Another phone call. Another author who is frustrated confused and stressed out. Another author who step into publishing without wearing the “author beware” hat.
“I’ve been taken.”
“My book looks awful.”
“The publisher hasn’t delivered on anything it promised.”
“There are too many hidden charges.”
“I’m not getting paid.”
“I thought this was a reputable publisher.”
“I’ve been screwed …”
Look in the mirror. Did you really check out the company? Did you go to Google and put in its name, then “problems,” “complaints” or “scams” after its name? Did you do your homework?
Some authors who get caught in the publishing maze think it’s insane. It’s not really insanity for the author—unless the author keeps repeating the same thing over and over again. It is insanity that these “publishing professionals” keep doing the same thing over and over—taking advantage, misrepresenting and basically delivering the shaft to the naïve and vulnerable author-to-be.
Before you jump into the publishing boat, clearly understand that there are differences. If you go the vanity route or the pay-to-publish route or the subsidy route and that publisher uses its ISBN, you are not self-published. You are not independently published. Rarely will any legit reviewer give it the time of day if the vanity/subsidy/pay-to-publish imprint is on your book.
Why is there a stigma associated with this crowd? How about editing?—in 99 percent of the publishing cases, editing in non-existent. The cover is a cut and paste job and the interior designs are one of maybe three templates—all a bit like vanilla, vanilla and more vanilla. And, they usually look blah in the outcome.
You have paid someone/something to publish your book. Do you thing they really, really care about your book? Guess again … what they care about is your check book … or your credit card.

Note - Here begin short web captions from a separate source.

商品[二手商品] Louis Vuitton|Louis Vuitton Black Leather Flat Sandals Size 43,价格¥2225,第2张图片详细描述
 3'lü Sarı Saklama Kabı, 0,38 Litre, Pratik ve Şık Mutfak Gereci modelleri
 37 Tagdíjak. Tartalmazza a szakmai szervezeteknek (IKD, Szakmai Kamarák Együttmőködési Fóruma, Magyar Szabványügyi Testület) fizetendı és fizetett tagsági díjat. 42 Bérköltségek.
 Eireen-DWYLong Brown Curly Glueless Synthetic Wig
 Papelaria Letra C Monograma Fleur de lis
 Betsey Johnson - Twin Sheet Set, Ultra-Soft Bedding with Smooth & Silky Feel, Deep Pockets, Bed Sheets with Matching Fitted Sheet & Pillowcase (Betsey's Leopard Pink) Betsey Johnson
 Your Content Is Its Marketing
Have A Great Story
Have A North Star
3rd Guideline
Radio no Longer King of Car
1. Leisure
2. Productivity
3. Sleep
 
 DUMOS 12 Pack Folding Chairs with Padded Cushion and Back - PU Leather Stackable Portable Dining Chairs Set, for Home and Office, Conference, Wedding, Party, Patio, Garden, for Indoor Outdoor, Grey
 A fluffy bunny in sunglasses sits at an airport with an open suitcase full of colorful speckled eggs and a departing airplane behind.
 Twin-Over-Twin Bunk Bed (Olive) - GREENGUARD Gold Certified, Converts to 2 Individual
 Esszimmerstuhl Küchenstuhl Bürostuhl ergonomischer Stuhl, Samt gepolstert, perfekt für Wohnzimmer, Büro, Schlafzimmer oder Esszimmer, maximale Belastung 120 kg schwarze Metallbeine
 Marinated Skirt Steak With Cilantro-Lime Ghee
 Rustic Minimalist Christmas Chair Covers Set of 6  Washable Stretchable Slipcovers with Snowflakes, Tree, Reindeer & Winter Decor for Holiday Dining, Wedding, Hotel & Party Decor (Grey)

To create a legitimate book, one that looks good, reads well and has integrity about it, you don’t need someone else’s name as the publisher. You can self and independent publish—the goal is to have a well-done book. Have some fun, create a publishing name that has a little pop (don’t use your name). Learn the dollars and sense of publishing. Get educated. Then publish.
Selling the book … that’s where a savvy marketing plan comes into play. And you, dear author, are going to be the one that funds it. Don’t expect a publisher to…that’s the very long ago, good old days.